Hi All, This thread shifted to polishing techniques which I think
deserves comment. I have found that the most dangerous part of
jewelry making and repairing is the polishing machine. Chemicals
pose a different threat. Cuts an burns are usually minor.

When polishing a chain or bracelet I always use a cut piece of a
wide leather belt as a back support to the chain. This allows me to
hold the piece tightly while applying the appropriate pressure
against the wheel. I never polish a closed chain. Instead open the
clasp, start at one end, and shift the chain against the leather
piece a couple inches at a time until you reach the other end. If it
gets away from you, let it go and get out of the way! Your fingers
and face are more valuable than any chain.

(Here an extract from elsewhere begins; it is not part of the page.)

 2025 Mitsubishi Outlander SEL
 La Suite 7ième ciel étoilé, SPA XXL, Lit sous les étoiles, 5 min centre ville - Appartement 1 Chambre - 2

Just writing this gives me the creeps. I had a friend who lost a
finger polishing a closed bracelet. Also, if you are interrupted
while polishing, just stop, finish the conversation and go back when
you can give it all your attention.

One more thing… In retail locations, I have found that many
employees think it is a simple task to touch up an item when they
sell it for a customer. Unless they have respect for the polishing
machine they are at risk. I’ve warned many of them about polishing
without safety glasses and/or while wearing ties.

Call me paranoid, but I have 10 fingers,

Mark


#2

The hands down best method for polishing chains is in a tumbler. The
results are outstanding, no fingers or eyes in jeopardy and bonus is
no burs. Teresa


#3

I find that polishing chains in the tumbler is just as effective and
much less dangerous than trying to polish them on a buffing wheel.